Workshop helps students learn time management

By Jonathan Wroble

What are your worst habits when it comes to studying for finals? Do you work better at night or during the day? Do you schedule your life with a University I-Book or with color coded Post-it notes?

These were just some of the questions posed on Nov. 7 during a Counseling Center workshop called “Ten Minutes ‘Til Freaked Out!” After participating in a number of activities over the course of an hour, students left with a better answer to the workshop’s main question: What is your time management style?

“Time management has to work for you,” said Kristen Seemayer, senior in LAS and co-leader of “Ten Minutes ‘Til Freaked Out!” Seemayer is a Counseling Center paraprofessional, and she conducted both formal and informal research before making the presentation on time management with Steffen Olsen, junior in LAS.

“There’s actually not a lot of research on time management,” she said.

In addition to reading journal articles on the topic, Seemayer consulted friends, family and classmates in order to get a sense of the different time management techniques that work for different people.

“With scheduling, everybody’s different,” she said. “Some people like to be more structured with an hour-by-hour schedule, other people like to be more spontaneous.”

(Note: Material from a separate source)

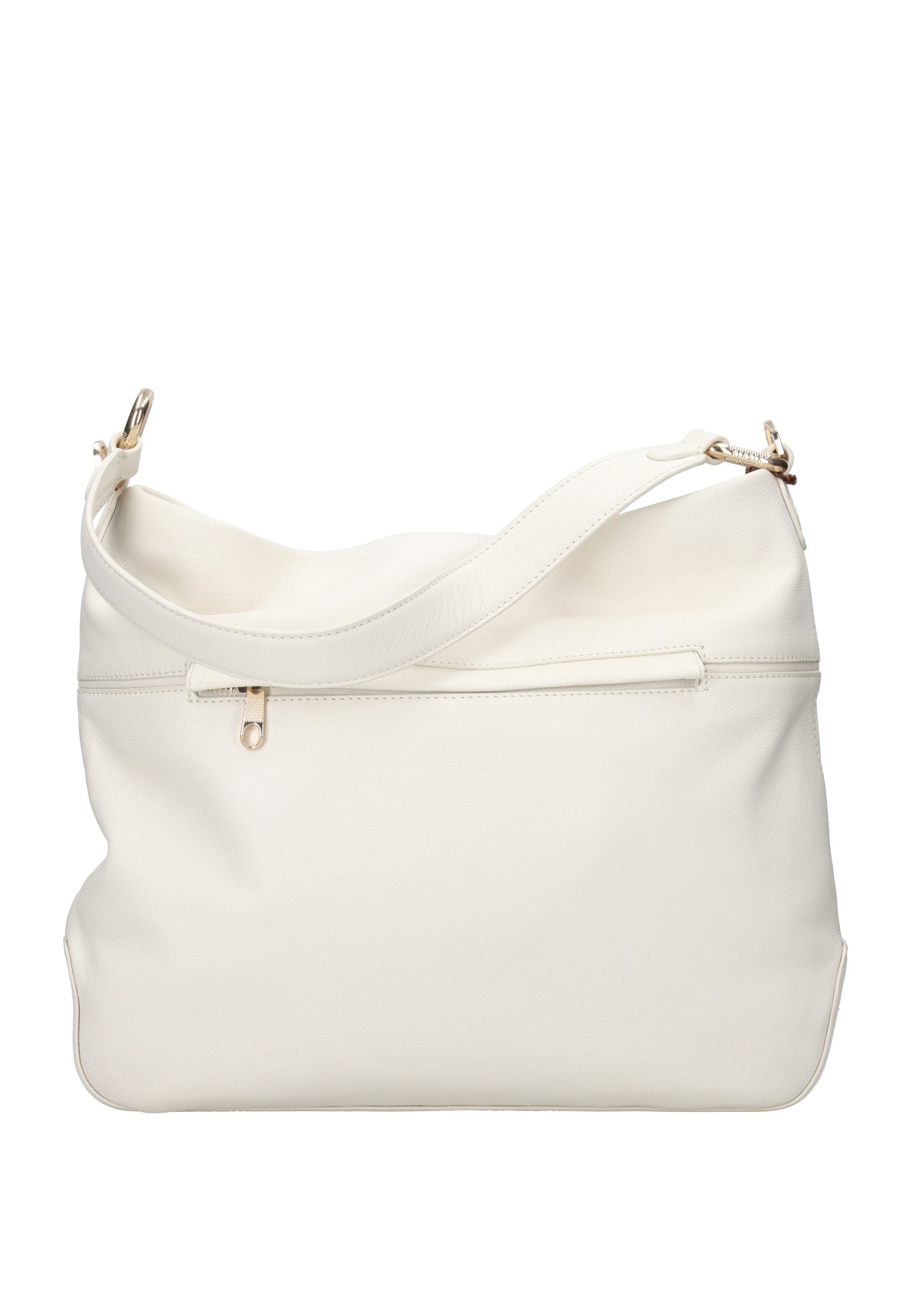 BIBP9E502 Borsa a spalla FRANCESCO BIASIA in pelle nappa bianca con tracolla regolabile e chiusura a cerniera.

In terms of life planning, Seemayer’s workshop included references to various types of computerized schedules. At calendar.google.com, for example, students can create a login and password to their own Google Calendar, which can be shared with others via the Internet.

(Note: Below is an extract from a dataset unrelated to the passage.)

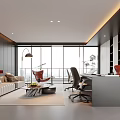 Modern Office Interior With Large Windows Sofa Area Desk Red Chairs And Bookshelves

While strategies that help students to manage time are diverse and personalized, some problems with time management are more universal. One common problem – especially with freshmen – is the transition from high school to college.

“Freshman have an especially hard time learning to use their time effectively,” Seemayer said.

Andrea Lindemann, junior in LAS and fellow paraprofessional, gave insight into this first-year fault.

“In high school, you had a teacher telling you what assignments were due,” she said. “(In college), you don’t have professors telling you what to do every day.”

Along with Matt Bulman, junior in LAS, Lindemann led a workshop titled “Finals Preparation: Test This!” on Nov. 28. While the main focus of their workshop was study skills and test-taking tips, Lindemann and Bulman mentioned time management as an important prerequisite to finals success.

In explaining this relationship between time management and finals, Lindemann and Seemayer agreed that what students decide not to do is just as important as what they actually do.

“It is important (for students) to be able to prioritize their studying and say ‘no’ during (finals) week to peer pressure,” Seemayer said. “Passing your classes is always more important than a party.”

Seemayer also stated how students fall into patterns of poor behavior when it comes to time management.

“Sometimes people keep doing the same thing over and over even though it doesn’t work for them,” she said. She suggested finding a successful schedule for finals week and using it mark tests, papers and other assignments.

For more information on time management, students can visit the University Counseling Center at 610 E. John Street. For second semester, the Counseling Center paraprofessionals will hold another time management workshop on Feb. 6, 2007 at the Illini Union.